── Raw data ──

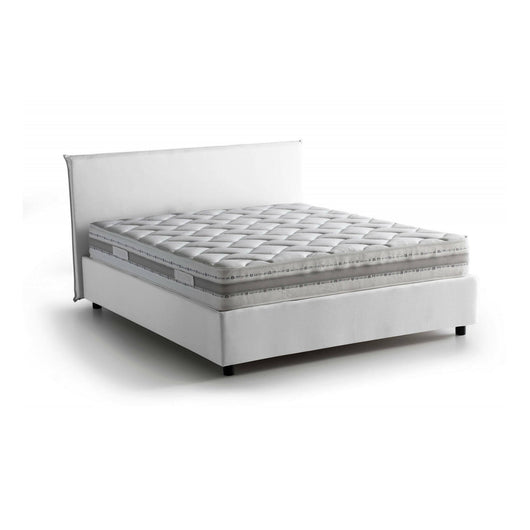 Letto matrimoniale Ariadni, Letto contenitore con rivestimento in tessuto, Made in Italy, Apertura frontale, con materasso cm 160x200 incluso, Bianco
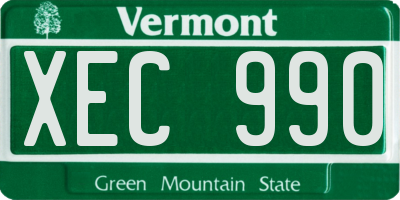 VT license plate XEC990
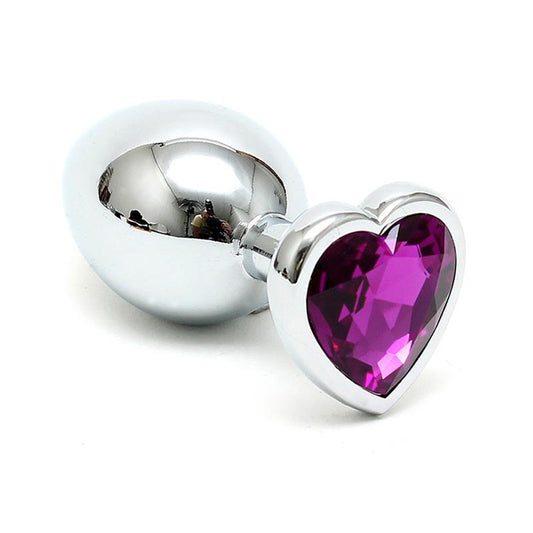 Plug Anal Acero Inox Cristal Corazon Purpura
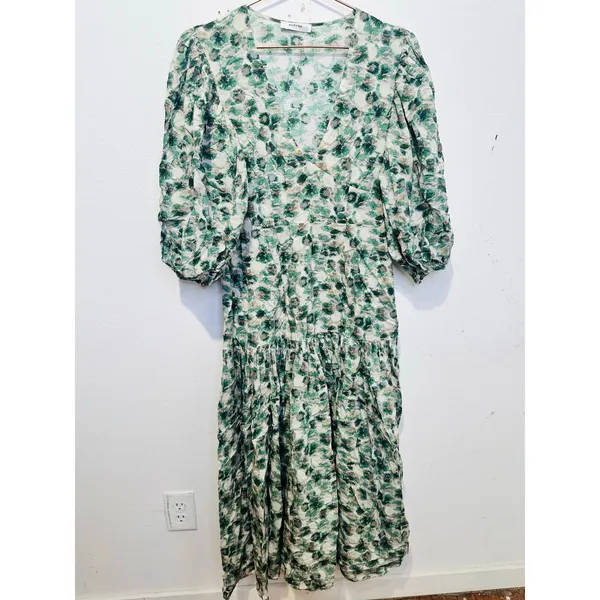 MARYSIA Green White Floral Printed 100% Cotton Drop Waist Imperialis Dress M - Image 3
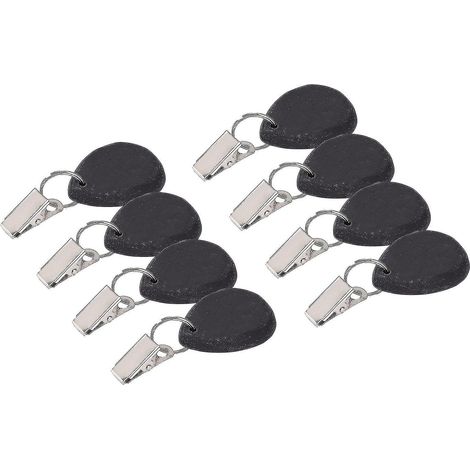 Lot de 8 poids de nappe en forme de goutte, avec pince métallique et pendentif en pierre - Noir (1/4)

───

■ **What you will do**
Nothing but the pictures is to be left out; repeat the data exactly.

■ **Task answer**
 Letto matrimoniale Ariadni, Letto contenitore con rivestimento in tessuto, Made in Italy, Apertura frontale, con materasso cm 160x200 incluso, Bianco
 VT license plate XEC990
 Plug Anal Acero Inox Cristal Corazon Purpura
 MARYSIA Green White Floral Printed 100% Cotton Drop Waist Imperialis Dress M - Image 3
 Lot de 8 poids de nappe en forme de goutte, avec pince métallique et pendentif en pierre - Noir (1/4)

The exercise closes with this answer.